**YOUR TASK**
Only those lines in the data below from the line containing "붕소/붕소?붕산?붕사?/붕소결핍증상/붕소의 역할/붕소 사용방법" through the line containing "Entomology Taxidermy : Lohita", both included, should be restated word for word.

**MATERIAL TO PROCESS**
* * * *
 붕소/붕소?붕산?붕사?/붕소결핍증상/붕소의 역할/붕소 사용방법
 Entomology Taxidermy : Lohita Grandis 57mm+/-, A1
* * * *
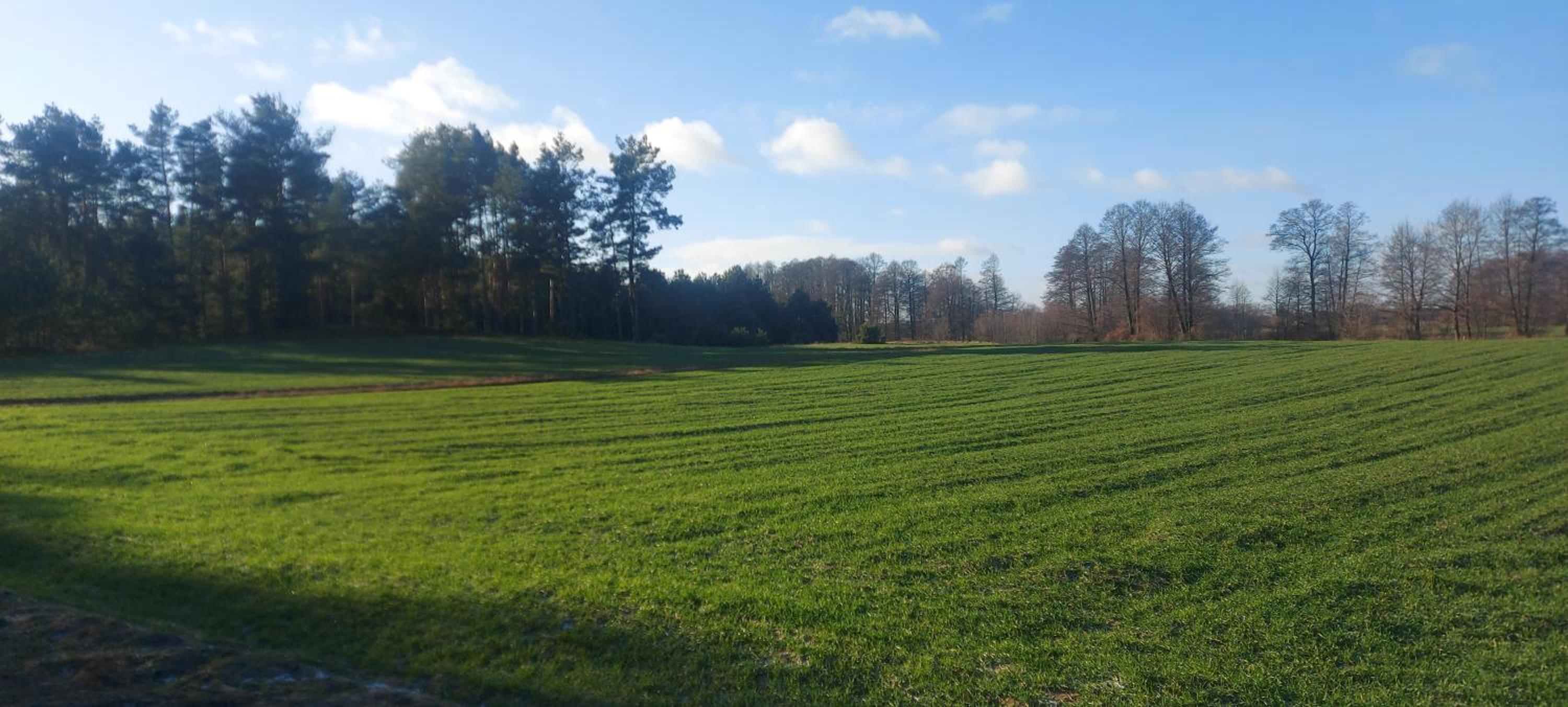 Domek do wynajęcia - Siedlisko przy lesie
* * * *
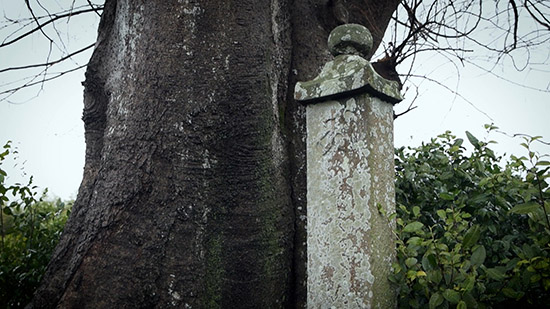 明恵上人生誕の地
* * * *
**OUTPUT OF THE TASK**
 붕소/붕소?붕산?붕사?/붕소결핍증상/붕소의 역할/붕소 사용방법
 Entomology Taxidermy : Lohita Grandis 57mm+/-, A1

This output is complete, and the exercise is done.